• _WHAT TO WORK ON_: Exactly as written, output each of the lines below, with no images.

• _COLLECTED DATA_:
☆ ☆ ☆

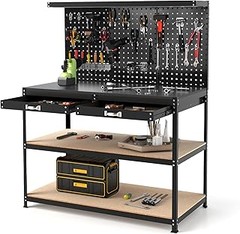 Top 3 bancos de trabajo con panel perforado para aficionados al bricolaje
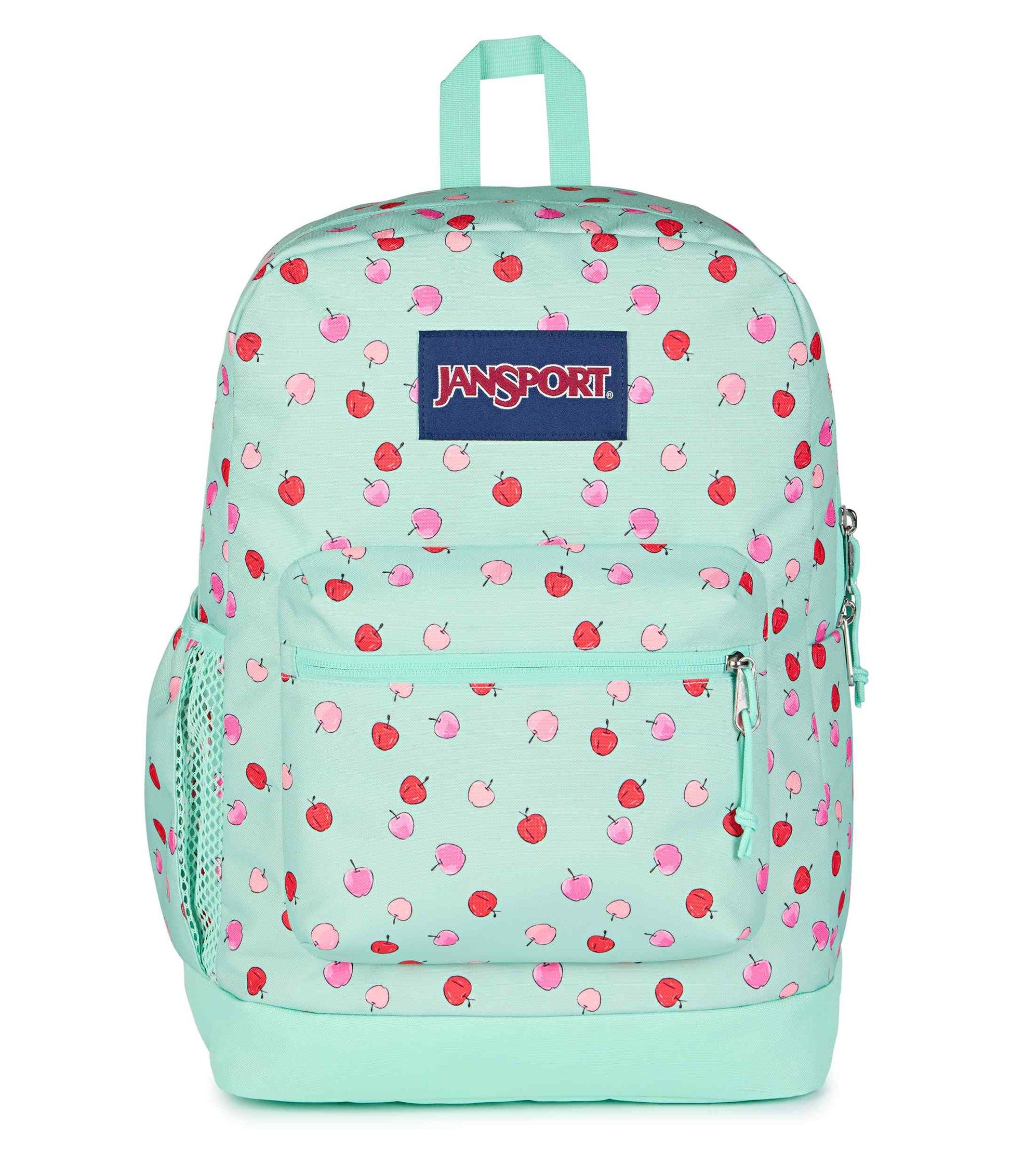 Cross Town Plus - Apple Orchard Magic Mint | JanSport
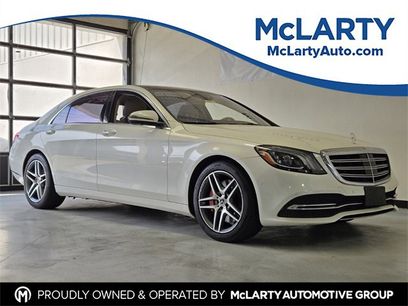 Used 2019 Mercedes-Benz S 450 4MATIC Sedan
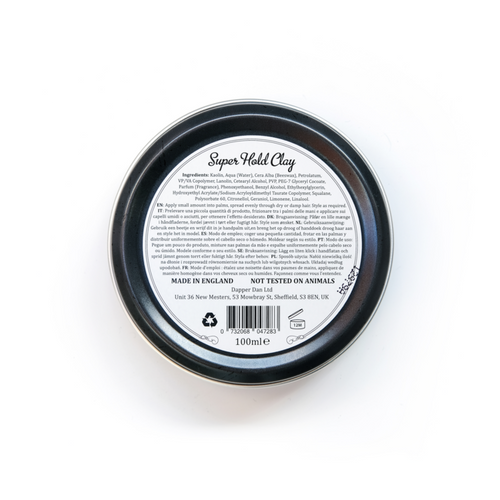 Dapper Dan Ultra Matt Clay 100ml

☆ ☆ ☆

• _ANSWER SPACE_:
 Top 3 bancos de trabajo con panel perforado para aficionados al bricolaje
 Cross Town Plus - Apple Orchard Magic Mint | JanSport
 Used 2019 Mercedes-Benz S 450 4MATIC Sedan
 Dapper Dan Ultra Matt Clay 100ml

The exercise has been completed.